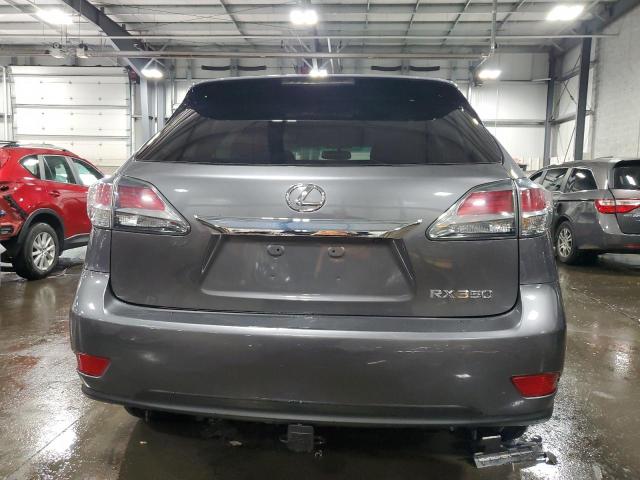 Photo 5 VIN: 2T2BK1BA5DC214259 - LEXUS RX 350 BAS 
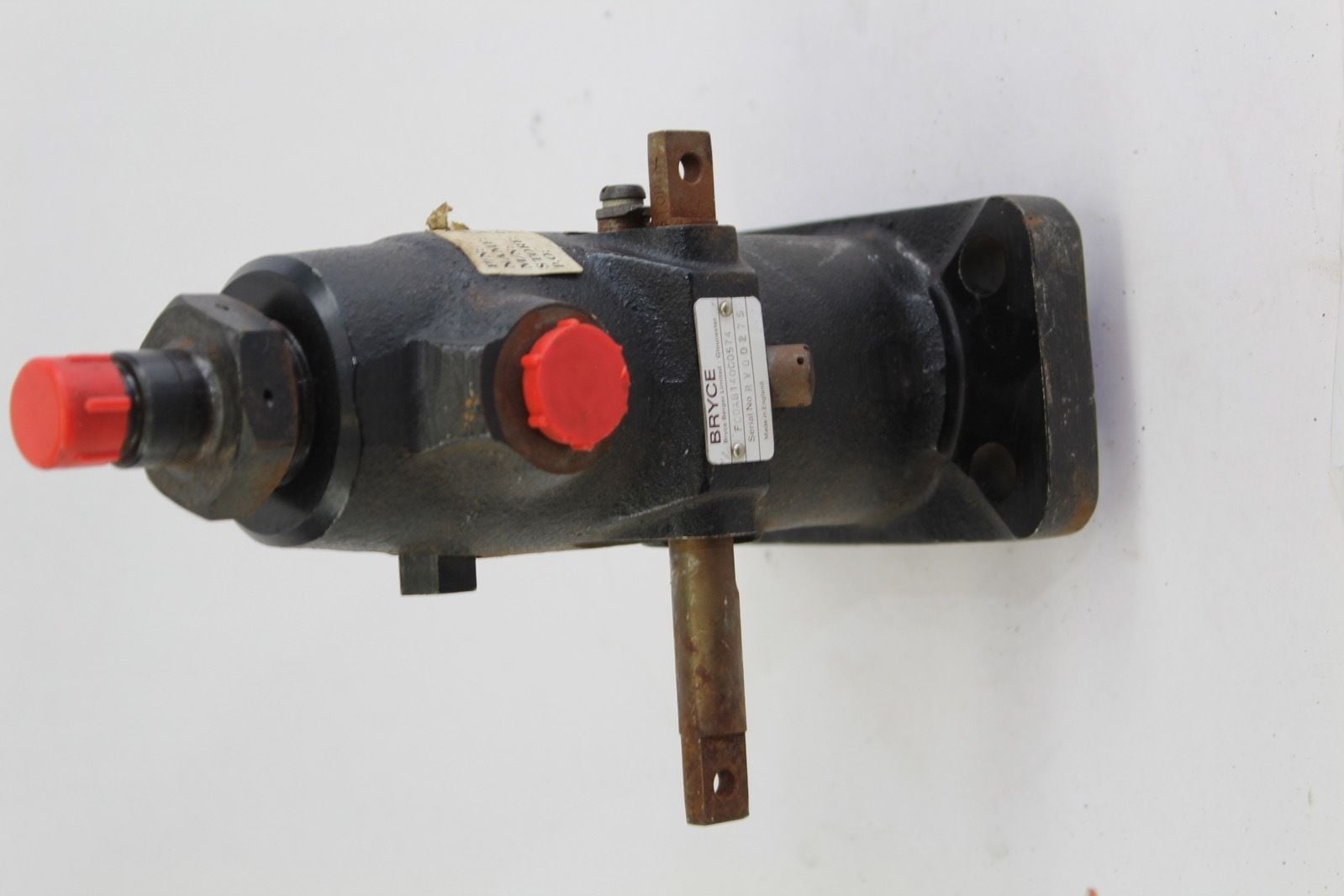 Bryce Berger Fuel injector pump HED 6.017.118 FC0AB140C0574 ** (B281)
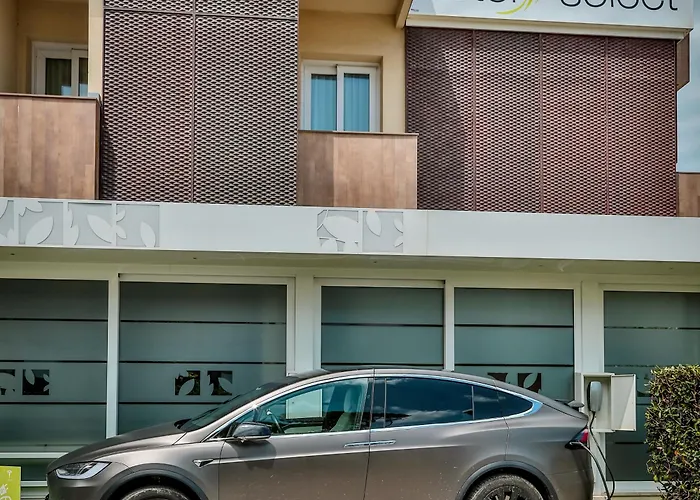 Hotel Select Suites & Spa - Apartments Riccione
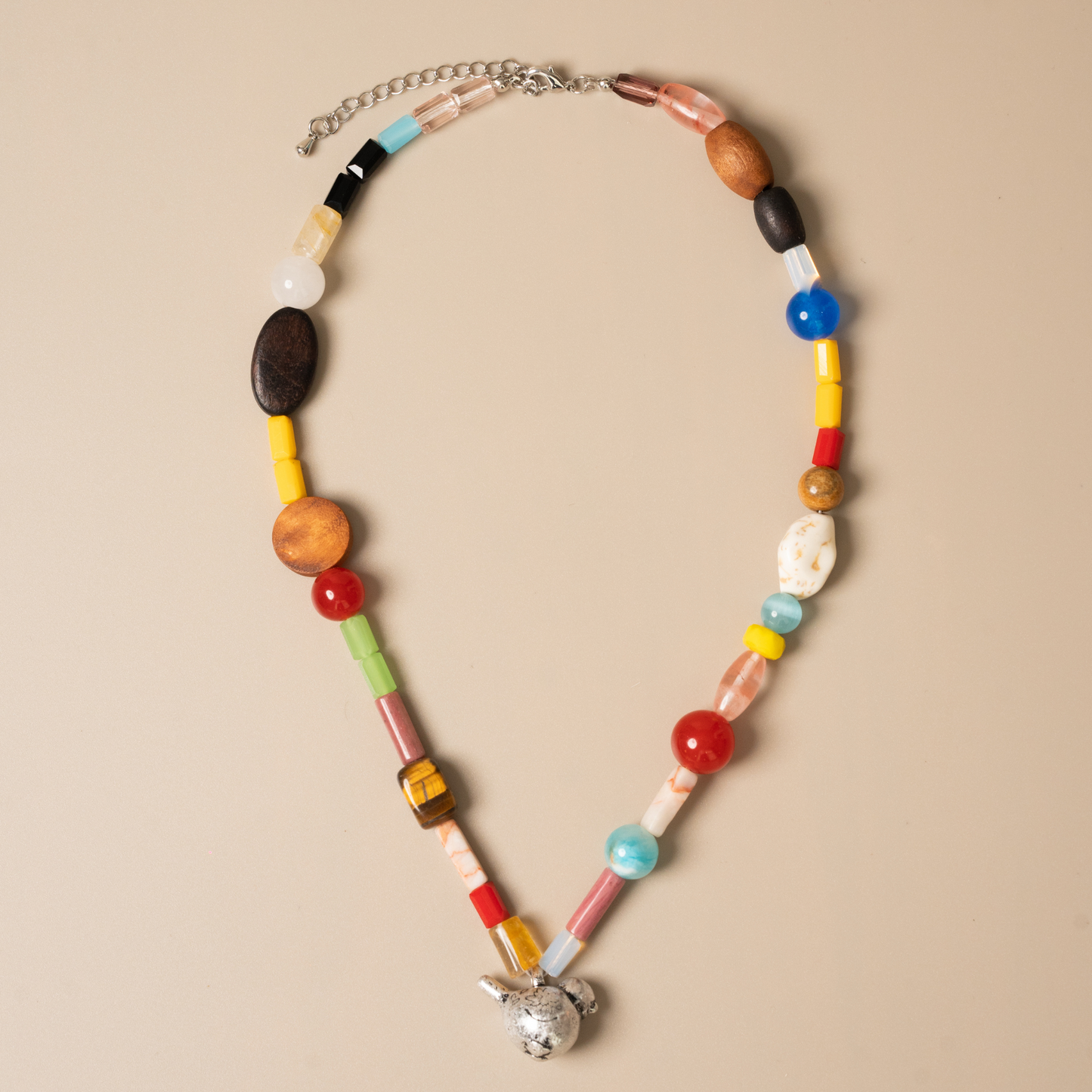 Nature’s Palette Necklace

◇ ◇ ◇ ◇ ◇ ◇ ◇

**What you need to do**:
The copy should begin at the line containing "Hotel Select Suites" and end at the last line of the data above; please restate those lines word for word without the pictures.

**Result of the task**:
 Hotel Select Suites & Spa - Apartments Riccione
 Nature’s Palette Necklace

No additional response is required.